Los Angeles city employees would have to take over a month of furlough days in the next fiscal year under a $6.9 billion budget proposed by Mayor Antonio Villaraigosa today, but many workers could avoid furloughs by agreeing to defer pay raises and increase health-care contributions.
In an effort to close a $457.5 million deficit, the mayor is calling for 26 furlough days for city workers who will not get cost-of-living raises as part of their contracts, and 36 furloughs days for employees scheduled to get raises.
Most of the latter group are part of the Coalition of City Unions, which worked out a tentative deal with the city in March to avoid furloughs. Under the deal, coalition members, who account for about 60 percent of city workers, would begin contributing 4 percent of their salaries to retirement health care and defer their cost of living raises until the end of their contracts in 2014.
In exchange the city would not require them to take furlough days.
Union members are voting on the agreement now. The coalition is expected to release the tally April 26.
Villaraigosa unveiled his proposed 2011-12 budget at the Central Library, highlighting provisions of his spending proposal that would add parks and recreation facilities and restore library hours, which were cut in recent months due to the city's financial troubles.
"This budget reflects my steadfast commitment to making Los Angeles a city where neighborhoods are safe, parks and libraries are open, streets are paved, and there is a healthy reserve fund that ensures the city is financially stable for generations to come," the mayor said. "In order to preserve these services and priorities, this budget makes long-term structural changes to move Los Angeles towards a fiscally sound and sustainable future."
The budget proposal includes 735 miles of street resurfacing, repair of 300,000 potholes and replacement of the city's street-lighting system with more efficient light-emitting diode technology.
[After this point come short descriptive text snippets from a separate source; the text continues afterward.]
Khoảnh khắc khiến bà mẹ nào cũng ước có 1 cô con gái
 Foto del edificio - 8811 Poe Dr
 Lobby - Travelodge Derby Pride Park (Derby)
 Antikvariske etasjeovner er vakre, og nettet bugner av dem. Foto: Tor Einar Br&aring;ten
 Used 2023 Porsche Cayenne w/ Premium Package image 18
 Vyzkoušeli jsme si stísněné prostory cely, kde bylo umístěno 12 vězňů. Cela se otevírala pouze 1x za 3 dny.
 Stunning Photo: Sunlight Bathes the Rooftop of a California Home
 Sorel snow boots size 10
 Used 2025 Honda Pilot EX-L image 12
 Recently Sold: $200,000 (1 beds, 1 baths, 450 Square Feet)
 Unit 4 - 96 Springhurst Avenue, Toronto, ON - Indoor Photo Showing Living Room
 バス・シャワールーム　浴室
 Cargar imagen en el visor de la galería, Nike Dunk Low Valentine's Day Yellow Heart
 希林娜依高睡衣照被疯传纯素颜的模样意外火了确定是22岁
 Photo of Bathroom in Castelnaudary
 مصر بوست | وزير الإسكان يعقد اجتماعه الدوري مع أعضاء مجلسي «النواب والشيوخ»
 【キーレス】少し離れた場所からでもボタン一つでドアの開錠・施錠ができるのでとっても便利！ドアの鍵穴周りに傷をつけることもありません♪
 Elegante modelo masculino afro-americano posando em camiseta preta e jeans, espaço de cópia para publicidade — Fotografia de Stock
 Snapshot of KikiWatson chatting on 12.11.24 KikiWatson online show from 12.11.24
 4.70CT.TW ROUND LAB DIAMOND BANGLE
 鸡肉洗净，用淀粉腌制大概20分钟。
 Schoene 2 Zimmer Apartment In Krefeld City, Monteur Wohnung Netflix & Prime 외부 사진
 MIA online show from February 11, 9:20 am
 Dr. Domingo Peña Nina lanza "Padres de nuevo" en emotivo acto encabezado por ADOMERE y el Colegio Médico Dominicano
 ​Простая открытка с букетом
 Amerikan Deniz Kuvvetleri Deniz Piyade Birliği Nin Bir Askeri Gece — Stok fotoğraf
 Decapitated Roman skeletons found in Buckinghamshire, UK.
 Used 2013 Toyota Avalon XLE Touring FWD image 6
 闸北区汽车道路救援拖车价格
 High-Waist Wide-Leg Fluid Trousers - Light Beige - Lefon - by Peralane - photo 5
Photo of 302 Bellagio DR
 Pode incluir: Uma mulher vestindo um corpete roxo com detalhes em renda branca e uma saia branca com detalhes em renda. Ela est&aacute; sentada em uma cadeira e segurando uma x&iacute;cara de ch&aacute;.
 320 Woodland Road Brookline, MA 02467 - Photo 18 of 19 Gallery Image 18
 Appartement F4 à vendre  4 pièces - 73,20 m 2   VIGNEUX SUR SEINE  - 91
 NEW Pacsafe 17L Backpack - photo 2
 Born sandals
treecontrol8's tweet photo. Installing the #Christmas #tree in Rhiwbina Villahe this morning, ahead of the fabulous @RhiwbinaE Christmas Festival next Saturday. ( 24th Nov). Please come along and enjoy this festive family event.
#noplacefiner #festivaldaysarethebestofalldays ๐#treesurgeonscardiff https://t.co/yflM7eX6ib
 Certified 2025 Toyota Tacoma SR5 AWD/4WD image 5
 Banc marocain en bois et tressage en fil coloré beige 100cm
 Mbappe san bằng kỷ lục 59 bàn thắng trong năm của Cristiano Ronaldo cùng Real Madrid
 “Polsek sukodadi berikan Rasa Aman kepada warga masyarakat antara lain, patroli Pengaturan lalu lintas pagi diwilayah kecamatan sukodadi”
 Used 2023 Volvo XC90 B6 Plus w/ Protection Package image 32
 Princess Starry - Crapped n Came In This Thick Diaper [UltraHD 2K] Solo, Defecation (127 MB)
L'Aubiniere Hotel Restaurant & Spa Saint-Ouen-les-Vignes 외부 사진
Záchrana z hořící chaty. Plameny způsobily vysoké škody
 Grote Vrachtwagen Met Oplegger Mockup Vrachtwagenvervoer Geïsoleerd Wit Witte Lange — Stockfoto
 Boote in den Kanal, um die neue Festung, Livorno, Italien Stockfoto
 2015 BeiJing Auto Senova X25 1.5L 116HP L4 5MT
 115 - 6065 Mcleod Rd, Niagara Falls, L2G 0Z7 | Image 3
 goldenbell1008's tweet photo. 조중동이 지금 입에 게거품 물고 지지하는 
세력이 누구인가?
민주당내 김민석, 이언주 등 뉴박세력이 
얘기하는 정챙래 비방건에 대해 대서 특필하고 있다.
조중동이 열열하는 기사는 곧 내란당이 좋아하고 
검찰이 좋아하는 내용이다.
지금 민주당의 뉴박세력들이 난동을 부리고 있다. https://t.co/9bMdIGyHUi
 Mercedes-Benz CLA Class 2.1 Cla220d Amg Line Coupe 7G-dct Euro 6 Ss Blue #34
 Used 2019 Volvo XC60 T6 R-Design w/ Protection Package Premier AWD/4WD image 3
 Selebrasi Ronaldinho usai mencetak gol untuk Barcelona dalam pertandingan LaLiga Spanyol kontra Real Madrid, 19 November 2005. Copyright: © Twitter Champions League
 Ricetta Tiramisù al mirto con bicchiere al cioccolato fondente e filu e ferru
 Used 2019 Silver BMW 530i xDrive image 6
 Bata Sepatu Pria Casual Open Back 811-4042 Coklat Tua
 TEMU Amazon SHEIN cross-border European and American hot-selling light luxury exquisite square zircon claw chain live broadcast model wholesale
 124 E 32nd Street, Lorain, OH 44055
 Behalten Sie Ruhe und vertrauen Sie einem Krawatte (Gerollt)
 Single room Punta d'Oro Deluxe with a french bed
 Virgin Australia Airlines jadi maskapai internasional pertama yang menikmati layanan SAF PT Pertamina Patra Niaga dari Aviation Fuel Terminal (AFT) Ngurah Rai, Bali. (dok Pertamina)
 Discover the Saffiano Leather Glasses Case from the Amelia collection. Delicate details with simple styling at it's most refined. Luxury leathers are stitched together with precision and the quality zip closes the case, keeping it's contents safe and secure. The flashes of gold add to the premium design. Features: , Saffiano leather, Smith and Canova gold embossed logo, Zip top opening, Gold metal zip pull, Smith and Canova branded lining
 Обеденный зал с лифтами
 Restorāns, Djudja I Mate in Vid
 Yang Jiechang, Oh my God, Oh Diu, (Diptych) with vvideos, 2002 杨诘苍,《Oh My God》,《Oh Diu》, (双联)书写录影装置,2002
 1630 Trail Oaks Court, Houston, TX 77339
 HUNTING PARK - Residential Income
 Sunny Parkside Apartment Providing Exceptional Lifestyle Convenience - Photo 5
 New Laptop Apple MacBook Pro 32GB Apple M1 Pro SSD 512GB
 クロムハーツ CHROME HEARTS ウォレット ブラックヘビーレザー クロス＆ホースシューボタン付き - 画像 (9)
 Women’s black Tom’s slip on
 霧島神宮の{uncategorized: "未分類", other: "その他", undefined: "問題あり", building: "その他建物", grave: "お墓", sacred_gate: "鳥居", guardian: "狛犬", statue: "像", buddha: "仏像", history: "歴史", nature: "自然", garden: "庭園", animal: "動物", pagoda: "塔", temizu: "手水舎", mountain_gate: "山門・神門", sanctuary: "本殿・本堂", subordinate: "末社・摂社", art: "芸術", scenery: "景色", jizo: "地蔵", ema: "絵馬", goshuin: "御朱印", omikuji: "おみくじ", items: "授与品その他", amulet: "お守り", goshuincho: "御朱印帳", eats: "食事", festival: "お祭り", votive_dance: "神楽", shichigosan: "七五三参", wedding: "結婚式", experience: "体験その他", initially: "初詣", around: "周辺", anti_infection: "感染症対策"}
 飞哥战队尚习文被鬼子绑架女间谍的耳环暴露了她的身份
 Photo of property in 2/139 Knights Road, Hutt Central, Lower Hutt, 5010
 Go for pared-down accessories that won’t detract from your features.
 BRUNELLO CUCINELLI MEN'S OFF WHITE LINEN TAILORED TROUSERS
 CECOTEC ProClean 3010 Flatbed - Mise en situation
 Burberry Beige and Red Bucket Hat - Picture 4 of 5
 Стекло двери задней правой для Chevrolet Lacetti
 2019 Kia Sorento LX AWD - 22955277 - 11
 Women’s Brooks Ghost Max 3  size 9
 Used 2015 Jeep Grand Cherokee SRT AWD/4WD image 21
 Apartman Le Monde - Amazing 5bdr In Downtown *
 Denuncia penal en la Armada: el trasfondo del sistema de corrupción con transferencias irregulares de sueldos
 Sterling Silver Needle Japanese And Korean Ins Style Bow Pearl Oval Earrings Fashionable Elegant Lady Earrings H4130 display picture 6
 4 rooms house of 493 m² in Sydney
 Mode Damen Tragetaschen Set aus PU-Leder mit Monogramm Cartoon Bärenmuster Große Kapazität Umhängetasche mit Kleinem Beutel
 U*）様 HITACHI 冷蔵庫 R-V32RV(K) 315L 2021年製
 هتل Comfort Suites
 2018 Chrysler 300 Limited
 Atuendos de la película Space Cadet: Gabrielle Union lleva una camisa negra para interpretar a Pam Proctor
Villaraigosa's proposed spending plan would maintain the Los Angeles Police Department's level of 9,963 officers, even though the department itself would take a $100 million budget cut – including an $80 million reduction in overtime and $20 million from its salary account.
The mayor also proposed a redeployment plan for the Los Angeles Fire Department that aims to save money by matching the department's response focus to the city's needs, mostly ambulance calls.
Villaraigosa has trimmed nearly $1 billion in spending from the city's budget over the past few years and eliminated about 4,000 mostly unfilled city positions, according to the mayor's office.